Items from a dataset:

^^^^^^^^^^^^^^^^

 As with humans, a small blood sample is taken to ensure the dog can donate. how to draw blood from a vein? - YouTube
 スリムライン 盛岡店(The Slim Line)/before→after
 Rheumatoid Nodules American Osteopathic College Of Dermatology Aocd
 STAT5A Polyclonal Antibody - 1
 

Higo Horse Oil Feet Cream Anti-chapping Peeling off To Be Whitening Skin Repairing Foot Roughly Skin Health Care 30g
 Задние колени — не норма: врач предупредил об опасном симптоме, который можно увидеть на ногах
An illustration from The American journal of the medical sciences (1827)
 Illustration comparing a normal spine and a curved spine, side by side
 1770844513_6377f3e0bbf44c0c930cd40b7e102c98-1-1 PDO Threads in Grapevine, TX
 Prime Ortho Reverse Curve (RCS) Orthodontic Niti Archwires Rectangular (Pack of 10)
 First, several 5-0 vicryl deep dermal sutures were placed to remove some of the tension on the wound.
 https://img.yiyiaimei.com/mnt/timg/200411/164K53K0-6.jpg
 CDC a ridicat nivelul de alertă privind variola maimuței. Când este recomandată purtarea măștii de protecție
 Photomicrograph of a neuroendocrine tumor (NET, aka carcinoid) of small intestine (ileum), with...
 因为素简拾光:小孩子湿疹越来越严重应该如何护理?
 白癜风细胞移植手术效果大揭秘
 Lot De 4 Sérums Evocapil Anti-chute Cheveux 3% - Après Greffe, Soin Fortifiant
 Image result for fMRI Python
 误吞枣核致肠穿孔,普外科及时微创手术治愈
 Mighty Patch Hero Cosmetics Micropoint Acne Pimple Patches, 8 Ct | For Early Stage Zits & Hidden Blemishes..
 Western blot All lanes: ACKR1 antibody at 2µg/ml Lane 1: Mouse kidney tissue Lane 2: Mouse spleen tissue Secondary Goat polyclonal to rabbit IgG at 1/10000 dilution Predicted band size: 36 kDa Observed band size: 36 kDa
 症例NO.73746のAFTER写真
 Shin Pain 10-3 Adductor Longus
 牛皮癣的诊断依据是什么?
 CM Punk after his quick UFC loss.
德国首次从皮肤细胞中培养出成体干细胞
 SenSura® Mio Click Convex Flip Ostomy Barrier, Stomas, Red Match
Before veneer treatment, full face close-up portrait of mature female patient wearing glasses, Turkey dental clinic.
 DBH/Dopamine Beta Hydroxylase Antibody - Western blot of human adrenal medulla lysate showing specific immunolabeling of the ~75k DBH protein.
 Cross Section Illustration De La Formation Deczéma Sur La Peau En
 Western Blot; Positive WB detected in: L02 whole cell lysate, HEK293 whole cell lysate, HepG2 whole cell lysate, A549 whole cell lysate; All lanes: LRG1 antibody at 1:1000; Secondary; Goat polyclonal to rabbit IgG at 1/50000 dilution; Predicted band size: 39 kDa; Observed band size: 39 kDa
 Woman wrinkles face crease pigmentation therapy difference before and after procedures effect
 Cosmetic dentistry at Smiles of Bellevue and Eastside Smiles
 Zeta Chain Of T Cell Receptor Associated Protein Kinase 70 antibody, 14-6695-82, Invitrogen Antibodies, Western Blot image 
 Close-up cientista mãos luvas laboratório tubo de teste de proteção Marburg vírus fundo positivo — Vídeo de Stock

^^^^^^^^^^^^^^^^

> _The task_:
Print the records above again, every one, exactly as written.

> _Expected answer_:
 As with humans, a small blood sample is taken to ensure the dog can donate. how to draw blood from a vein? - YouTube
 スリムライン 盛岡店(The Slim Line)/before→after
 Rheumatoid Nodules American Osteopathic College Of Dermatology Aocd
 STAT5A Polyclonal Antibody - 1
 

Higo Horse Oil Feet Cream Anti-chapping Peeling off To Be Whitening Skin Repairing Foot Roughly Skin Health Care 30g
 Задние колени — не норма: врач предупредил об опасном симптоме, который можно увидеть на ногах
An illustration from The American journal of the medical sciences (1827)
 Illustration comparing a normal spine and a curved spine, side by side
 1770844513_6377f3e0bbf44c0c930cd40b7e102c98-1-1 PDO Threads in Grapevine, TX
 Prime Ortho Reverse Curve (RCS) Orthodontic Niti Archwires Rectangular (Pack of 10)
 First, several 5-0 vicryl deep dermal sutures were placed to remove some of the tension on the wound.
 https://img.yiyiaimei.com/mnt/timg/200411/164K53K0-6.jpg
 CDC a ridicat nivelul de alertă privind variola maimuței. Când este recomandată purtarea măștii de protecție
 Photomicrograph of a neuroendocrine tumor (NET, aka carcinoid) of small intestine (ileum), with...
 因为素简拾光:小孩子湿疹越来越严重应该如何护理?
 白癜风细胞移植手术效果大揭秘
 Lot De 4 Sérums Evocapil Anti-chute Cheveux 3% - Après Greffe, Soin Fortifiant
 Image result for fMRI Python
 误吞枣核致肠穿孔,普外科及时微创手术治愈
 Mighty Patch Hero Cosmetics Micropoint Acne Pimple Patches, 8 Ct | For Early Stage Zits & Hidden Blemishes..
 Western blot All lanes: ACKR1 antibody at 2µg/ml Lane 1: Mouse kidney tissue Lane 2: Mouse spleen tissue Secondary Goat polyclonal to rabbit IgG at 1/10000 dilution Predicted band size: 36 kDa Observed band size: 36 kDa
 症例NO.73746のAFTER写真
 Shin Pain 10-3 Adductor Longus
 牛皮癣的诊断依据是什么?
 CM Punk after his quick UFC loss.
德国首次从皮肤细胞中培养出成体干细胞
 SenSura® Mio Click Convex Flip Ostomy Barrier, Stomas, Red Match
Before veneer treatment, full face close-up portrait of mature female patient wearing glasses, Turkey dental clinic.
 DBH/Dopamine Beta Hydroxylase Antibody - Western blot of human adrenal medulla lysate showing specific immunolabeling of the ~75k DBH protein.
 Cross Section Illustration De La Formation Deczéma Sur La Peau En
 Western Blot; Positive WB detected in: L02 whole cell lysate, HEK293 whole cell lysate, HepG2 whole cell lysate, A549 whole cell lysate; All lanes: LRG1 antibody at 1:1000; Secondary; Goat polyclonal to rabbit IgG at 1/50000 dilution; Predicted band size: 39 kDa; Observed band size: 39 kDa
 Woman wrinkles face crease pigmentation therapy difference before and after procedures effect
 Cosmetic dentistry at Smiles of Bellevue and Eastside Smiles
 Zeta Chain Of T Cell Receptor Associated Protein Kinase 70 antibody, 14-6695-82, Invitrogen Antibodies, Western Blot image 
 Close-up cientista mãos luvas laboratório tubo de teste de proteção Marburg vírus fundo positivo — Vídeo de Stock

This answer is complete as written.